In some optional implementations of this embodiment, the step 202 may further include the following steps not shown in fig. 2: and acquiring a binary log from the master database at a second preset time interval. Correspondingly, the above method may further include the following steps not shown in fig. 2: storing the obtained binary log; storing at least one of the following information of the binary journal in a metadata database: a storage path, a name, a storage time, at least one transaction identifier included, and a commit time of the at least one transaction identifier.
In this implementation, the execution subject may obtain the binary log from the master database at a second preset time interval. Specifically, the execution agent may simulate the slave database by running a process, and obtain the binary log from the master database through a thread under the process. Meanwhile, the thread may be set to acquire the binary log from the master database every second preset duration through a crontab command. The execution body may also store the retrieved binary log locally or in a database. The executing agent may then store information of the binary journal retrieved from the database into a metadata repository, which may include, but is not limited to: a storage path, a name, a storage time, at least one transaction identifier included, and a commit time of the at least one transaction identifier. Specifically, the I/O thread of the slave database may send information when the binary log is acquired to the execution main body, and the execution main body stores the information in the metadata database after receiving the information.
Through the implementation modes, the backup of the meta-information of the incremental part of the log data of the main database can be realized. Thus, the increased amount of log data can be found quickly.
With continued reference to FIG. 4, a flow 400 of another embodiment of a method for backing up data according to the present application is shown. As shown in fig. 4, the method for backing up data of the present embodiment may include the following steps:
step 401, a data recovery instruction is received.
In this embodiment, the data recovery instruction may be forwarded to the execution subject by the distributed transaction manager after the user sends the instruction to the distributed transaction manager through the terminal device. The data restoring instruction may include a data restoring time point for indicating data to be restored to the data restoring time point from the data in the master database and the slave database.
Step 402, determining a second target transaction identifier submitted at the data recovery time point based on the information recorded in the metadata repository.
After receiving the data recovery instruction, the execution subject may determine, according to the information recorded in the metadata database, a second target transaction identifier submitted at the data recovery time point. Since the commit time of each transaction identifier is recorded in the metadata base, the data recovery time point can be matched with the commit time to obtain the second target transaction identifier committed at the data recovery time point.
Step 403, determining that the binary log to which the second target transaction identifier belongs is a target binary log.
After determining the second target transaction identifier, the execution subject may further determine, according to information recorded in the metadata database, a binary log to which the second target transaction identifier belongs. Since the transaction identifier included in each binary log is recorded in the metadata base, the binary log to which the second target transaction identifier belongs can be obtained by matching the second target transaction identifier with each transaction identifier, and the binary log is determined as the target binary log.
Step 404, control retrieves data from the database and the master database based on the target binary log.
After determining the target binary log, the execution subject may determine other binary logs whose generation time is after the generation time of the target binary log.
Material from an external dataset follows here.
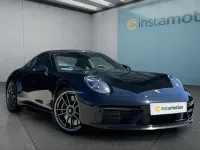 Gebraucht Porsche 992 480 PS (353 kW) 2023 Schwarz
The executing agent may thus control the master database and the slave database to recover data from the target binary log and other binary logs described above.
The method for backing up data provided by the above embodiment of the application can realize data recovery at any time point; meanwhile, when data is recovered, a plurality of database fragments can be recovered in parallel, so that the time required by data recovery is reduced, and the efficiency of data recovery is improved.
With further reference to fig. 5, as an implementation of the method shown in the above figures, the present application provides an embodiment of an apparatus for backing up data, where the embodiment of the apparatus corresponds to the embodiment of the method shown in fig. 2, and the apparatus may be applied to various electronic devices.
As shown in fig. 5, the apparatus 500 for backing up data of the present embodiment includes: a backup instruction receiving unit 501, a log obtaining unit 502, an identifier obtaining unit 503, a first identifier determining unit 504, and a data backup unit 505.
The backup instruction receiving unit 501 is configured to receive a data backup instruction. The data backup instruction is used for indicating that data in a main database included by the database fragment is to be backed up, and the database fragment further comprises a slave database.
A log obtaining unit 502 configured to control the slave database to suspend backup of data of the master database and to control the slave database to obtain the binary log from the master database.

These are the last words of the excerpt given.